Everything from the line that contains "キャップ 帽子 メンズ" to the final line of the data, both ends included, must be set down exactly, apart from the pictures.

§ Data for analysis:

Start of Block

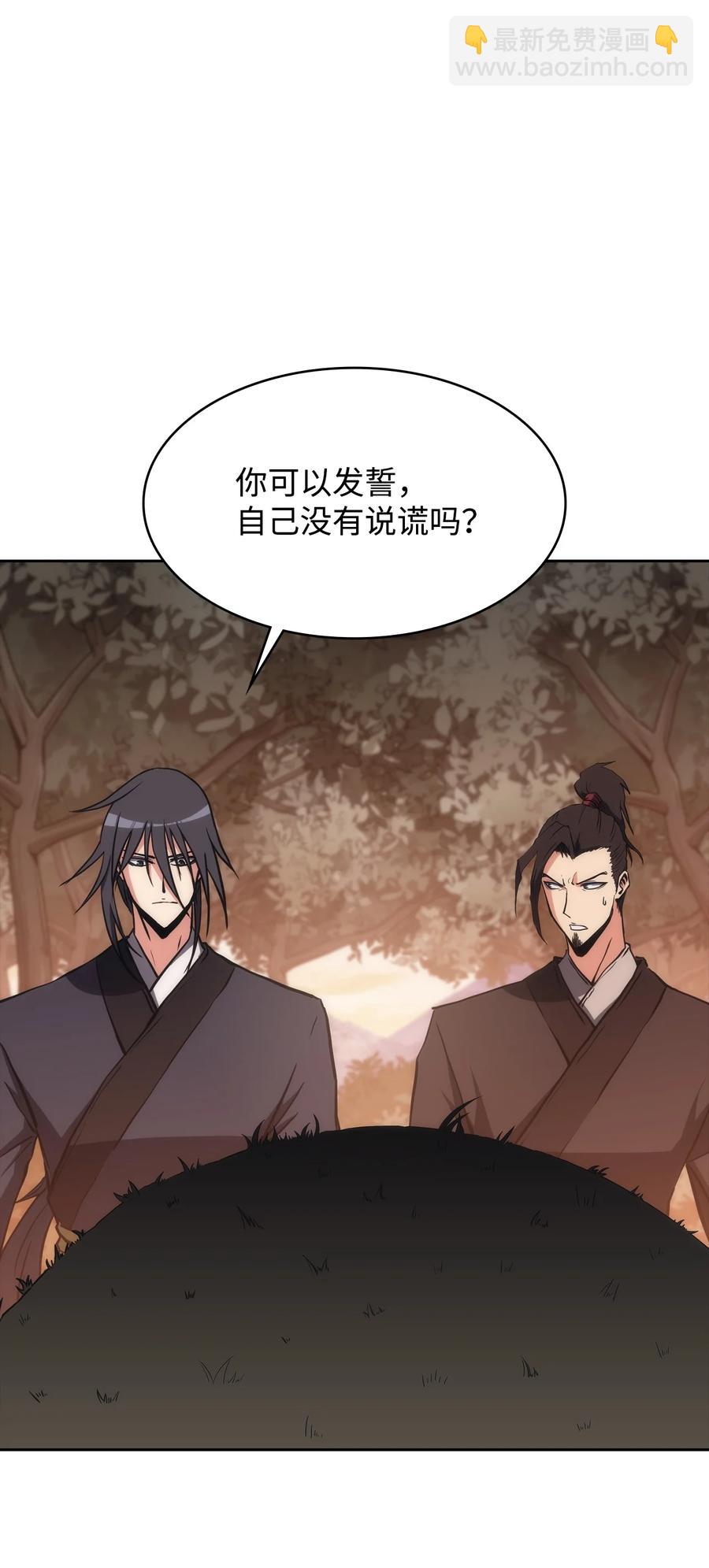 40 师父(1/3)-第40话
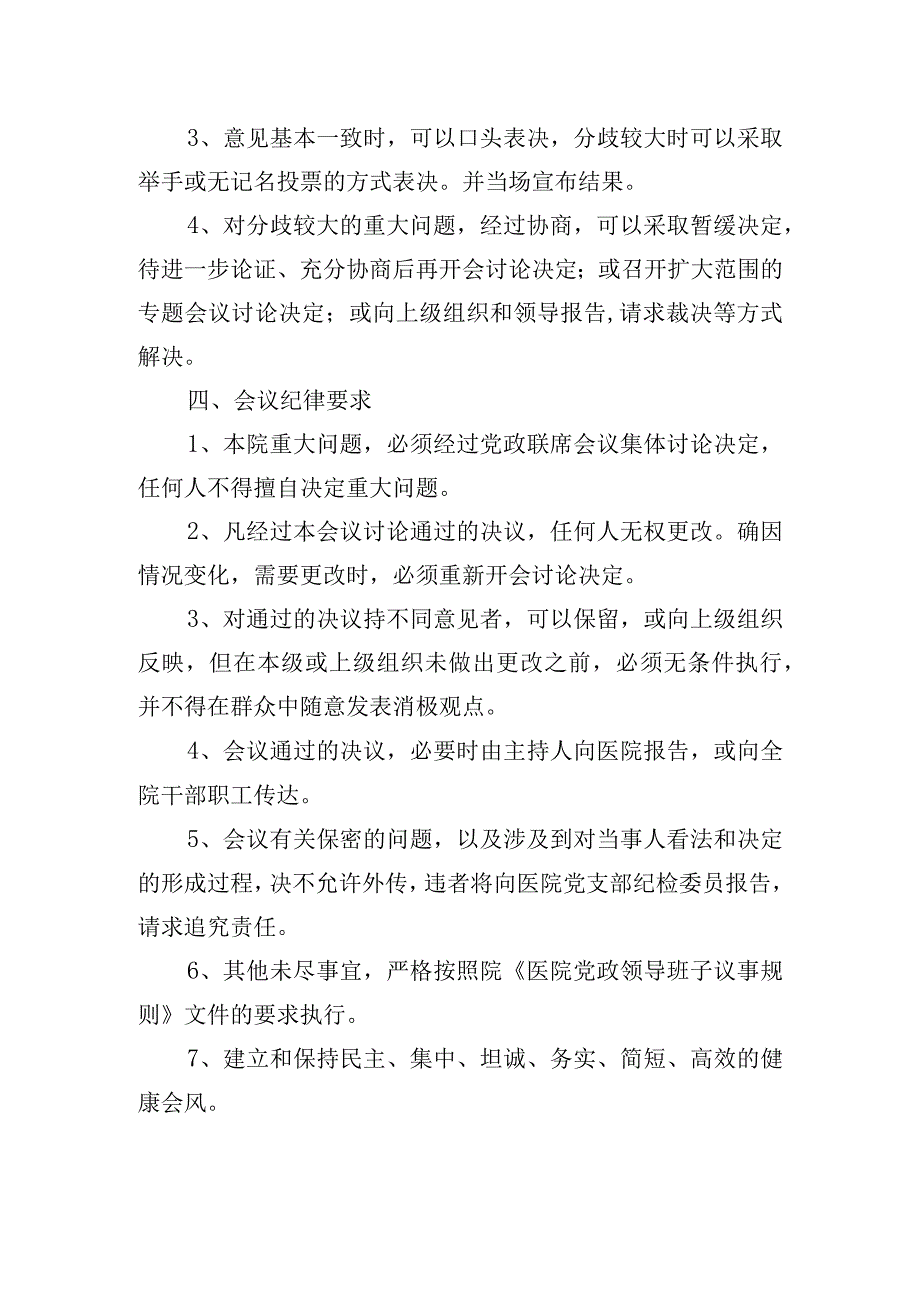 医院党政联席会制度.docx_第3页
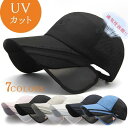 キャップ 帽子 メンズ レディース UVカット 紫外線対策用 メッシュ 夏 大きいサイズ2way 日よけ帽子 登山 釣り アウトドア 農作業 春夏物 ギフト 贈...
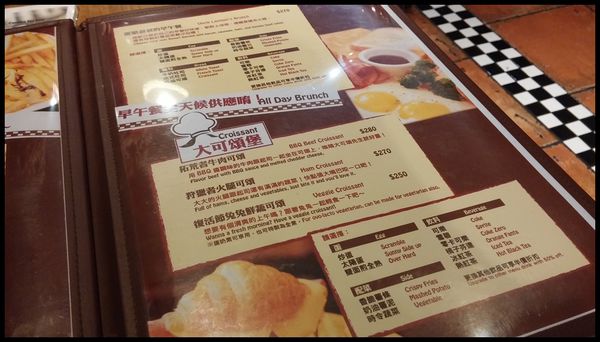 『呷』「捷運行天宮站」☆ 雷蒙叔叔美式餐廳 ☆ 美式餐廳也有早午餐可選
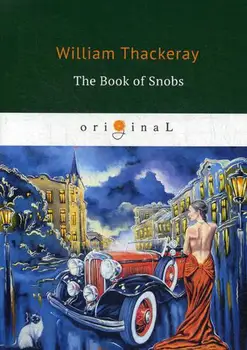 

Foreign languages Thackeray W. The Book of Snobs cover soft 16 +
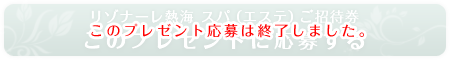 リゾナーレ熱海 スパ利用券 このプレゼントに応募する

End of Block

§ Completed exercise:
 キャップ 帽子 メンズ レディース UVカット 紫外線対策用 メッシュ 夏 大きいサイズ2way 日よけ帽子 登山 釣り アウトドア 農作業 春夏物 ギフト 贈...
 『呷』「捷運行天宮站」☆ 雷蒙叔叔美式餐廳 ☆ 美式餐廳也有早午餐可選

Foreign languages Thackeray W. The Book of Snobs cover soft 16 +
 リゾナーレ熱海 スパ利用券 このプレゼントに応募する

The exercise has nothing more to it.